▼▼▼

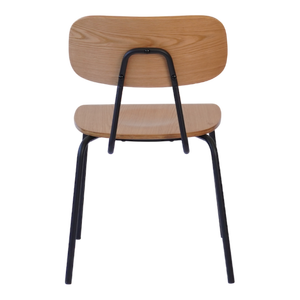 Silla de comedor con respaldo Rectangular de madera recubierta de polvo con cuero PU para salas de estar, restaurantes y marco de madera para oficina en casa - Product Image 4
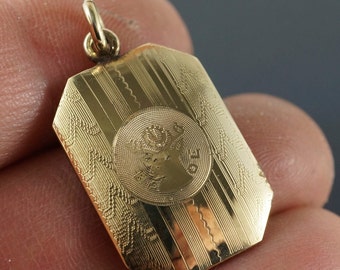 vintage BPOE Elks watch fob - elk pendant - gold - antique - edwardian - No.001287-4
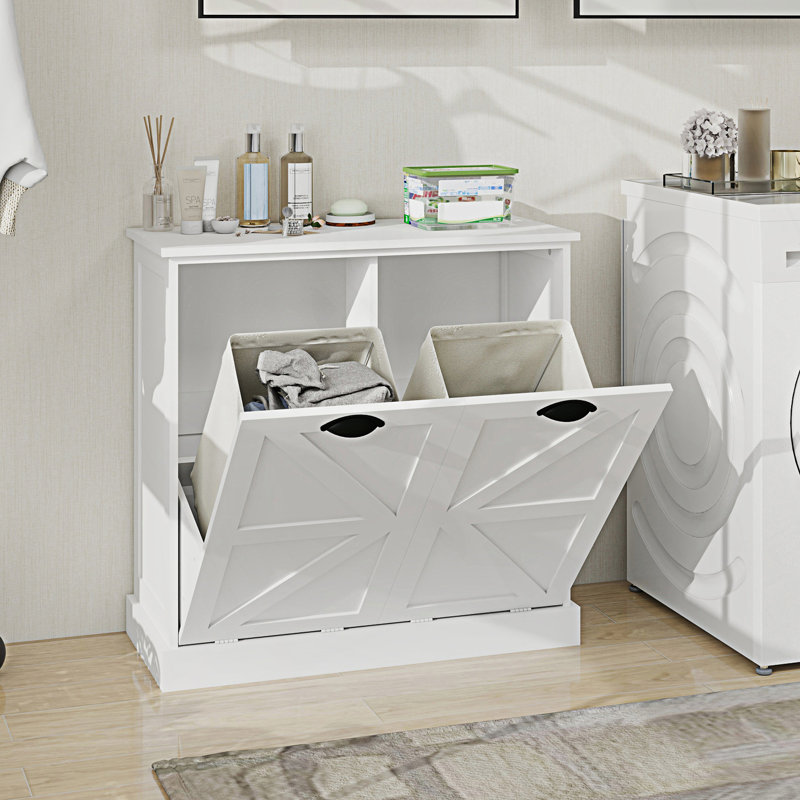 Armoire de trieur de linge inclinable à deux compartiments, H 30,7 po x l 31,49 po x P 13,77 po, Blanc2
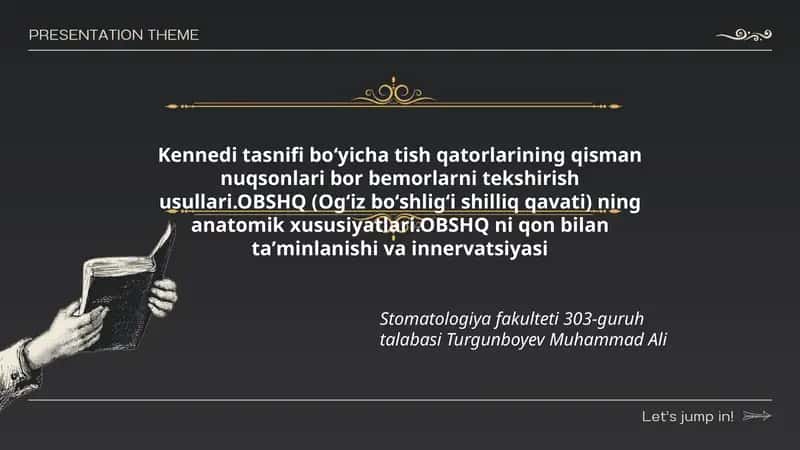 Kennedi tasnifi boʻyicha tish qatorlarining qisman nuqsonlari 1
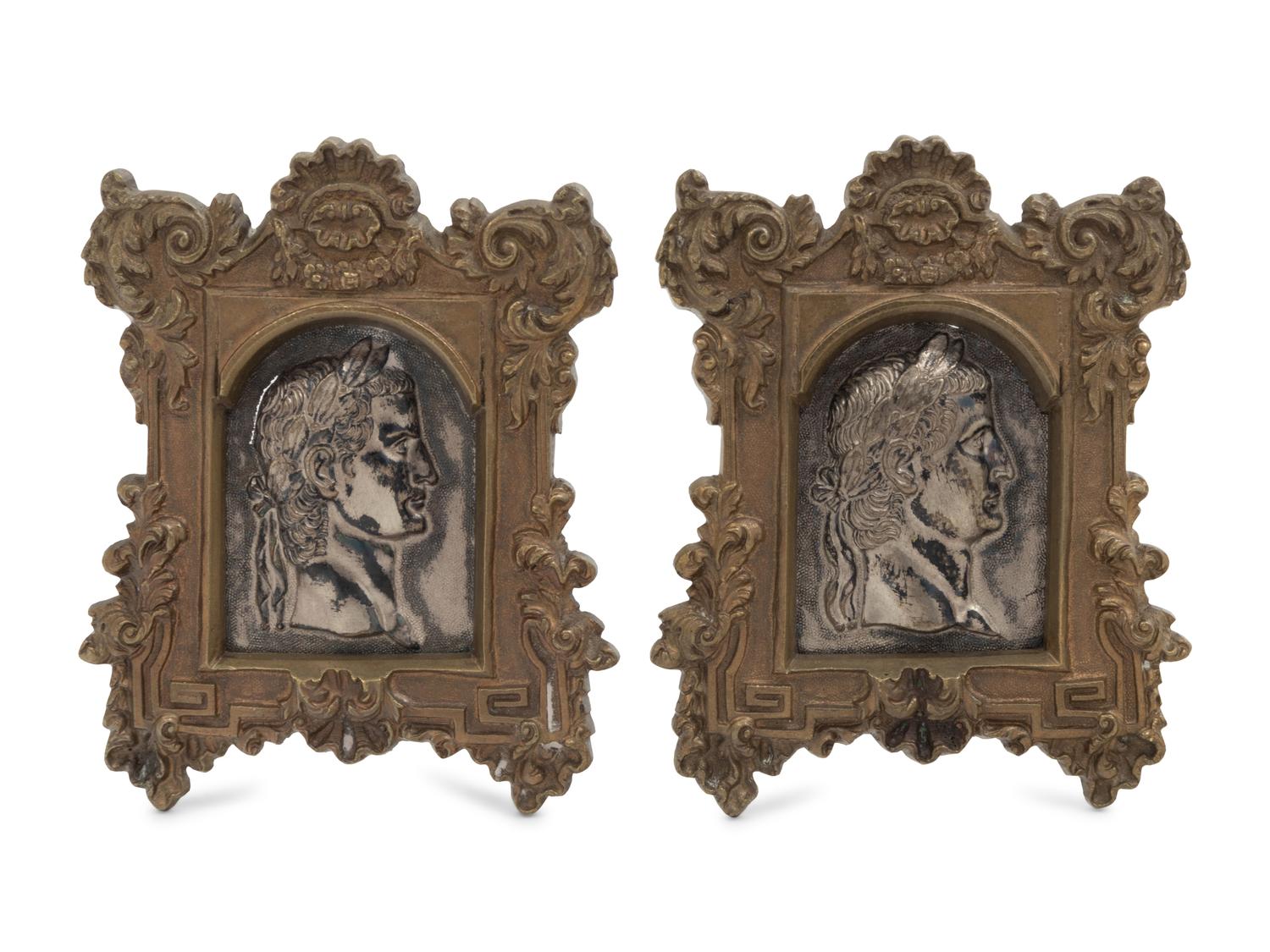 A Pair of Neoclassical Gilt and Silvered Bronze Plaques
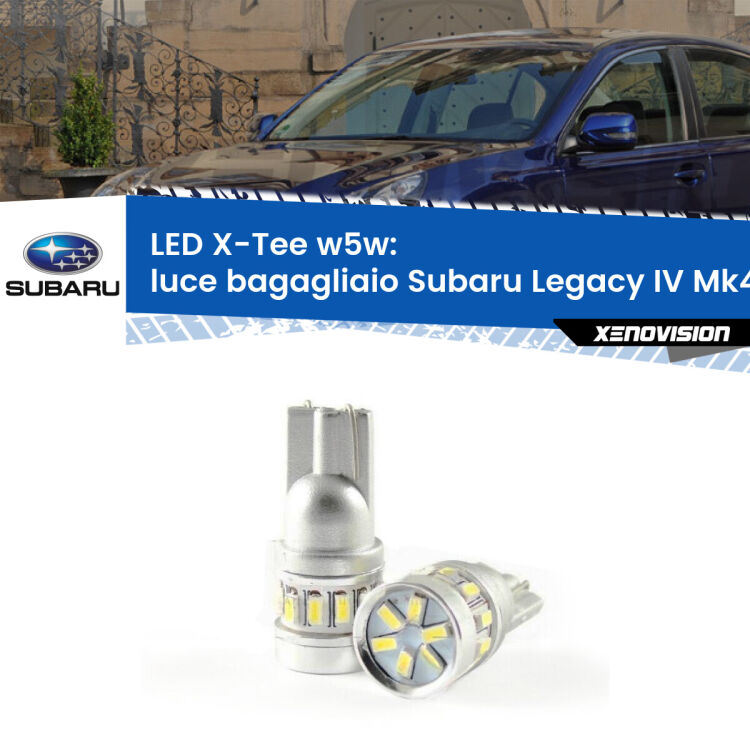0 Luce Bagagliaio LED per Subaru Legacy IV Mk4 2003 - 2009: W5W X-Tee <strong>LED luce bagagliaio per Subaru Legacy IV</strong> Mk4 2003 - 2009. Lampade <strong>W5W</strong> modello X-Tee Xenovision top di gamma.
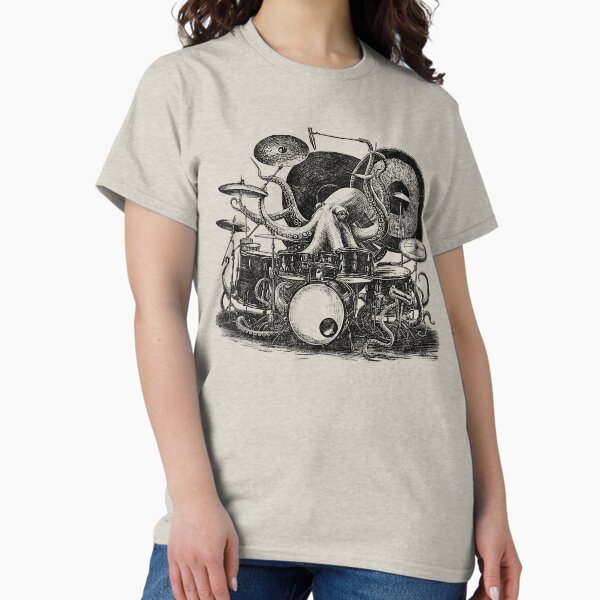 Item preview, Octopus Playing Drums Funny Rock Musician  designed and sold by RetroVoyages.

▲▲▲

= What is being asked =
Starting at the line that contains "Armoire de trieur" and ending at the line that contains "0 Luce Bagagliaio", transcribe the material above exactly, excluding pictures.

= Response area =
 Armoire de trieur de linge inclinable à deux compartiments, H 30,7 po x l 31,49 po x P 13,77 po, Blanc2
 Kennedi tasnifi boʻyicha tish qatorlarining qisman nuqsonlari 1
 A Pair of Neoclassical Gilt and Silvered Bronze Plaques
0 Luce Bagagliaio LED per Subaru Legacy IV Mk4 2003 - 2009: W5W X-Tee <strong>LED luce bagagliaio per Subaru Legacy IV</strong> Mk4 2003 - 2009. Lampade <strong>W5W</strong> modello X-Tee Xenovision top di gamma.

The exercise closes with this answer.